Das Interesse am Selbsternten sei groß, betont Claudia Arold, die Leiterin des Umweltschutzreferats in Filderstadt. Das betreffe aber nicht nur die Gelben Bänder, sondern auch die Obstbörse, die es noch viel länger gebe. Bei dieser werden Anbieter und Nachfrager direkt zusammengebracht. Das heißt, der Baumbesitzer weiß, wer auf seiner Wiese erntet. Das sei bei den Gelben Bändern anders, und in der Tat seien manche Baumbesitzer daher zurückhaltender. Insbesondere in diesem Herbst habe es keinen großen Ansturm gegeben. Das hänge aber auch damit zusammen, dass 2022 ein schlechtes Obstjahr sei und es insgesamt nur wenig zu ernten gebe. In Filderstadt können die Gelben Bänder beim Umweltschutzreferat bestellt oder auch direkt abgeholt werden. Das hätten in den vergangenen Wochen aber nur etwa zehn Streuobstwiesenbesitzer getan, räumt Claudia Arold ein.

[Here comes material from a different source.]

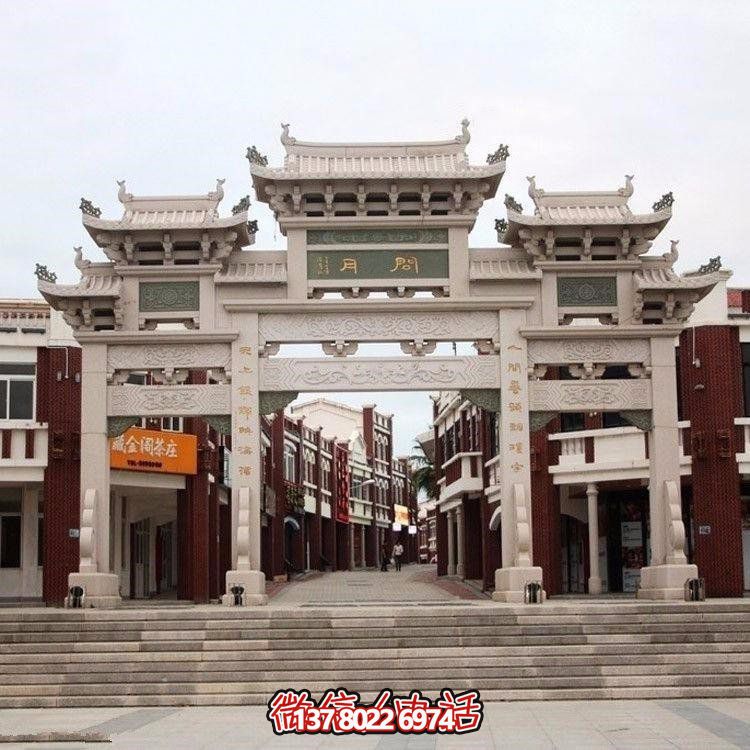精美中式三門牌坊，裝飾大理街道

Es habe noch nie negative Rückmeldungen gegeben

Um so größer sei das Interesse jedoch seit jeher bei denjenigen, die gerne pflücken wollen. Sie würden das Konzept mit den markierten Bäumen als unkomplizierter und flexibler empfinden als die Obstbörse, berichtet die Leiterin des Umweltschutzreferats. „Es gab schon Jahre, da sind die Leute von Ludwigsburg bis nach Filderstadt gefahren, um auf unseren Streuobstwiesen zu ernten.“ Die Gelben Bänder würden „dem Zeitgeist entsprechen“. Und die Menschen auf den Fildern scheinen die Bäume pfleglich zu behandeln. Negative Rückmeldungen von Streuobstwiesenbesitzern, beispielsweise wegen heruntergerissener Äste, hat Claudia Arold jedenfalls noch nie bekommen.

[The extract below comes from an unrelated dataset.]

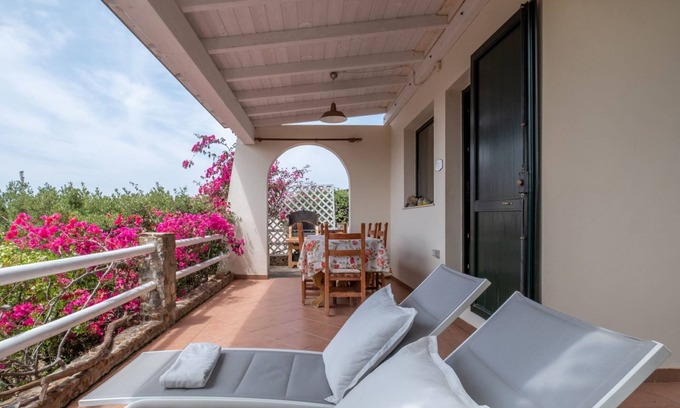 Geremeas House | del Mare dipinto by Interhome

In diesem Jahr stellt Filderstadt erstmals auch die Früchte von den eigenen Streuobstwiesen für alle zur Verfügung. Die Verwaltung spricht von einem „Soforthilfeprogramm“ wegen der gestiegenen Energie- und Lebensmittelpreise. Auf der Internetseite www.filderstadt.de findet sich eine Übersicht mit allen städtischen Obstbäumen und Flächenlosen. Jeder kann frei wählen. Eine Rückmeldung an die Stadt hinsichtlich des gewählten Obstbaumes ist nicht notwendig. Die Kennzeichnung und Reservierung von einzelnen Bäumen ist untersagt.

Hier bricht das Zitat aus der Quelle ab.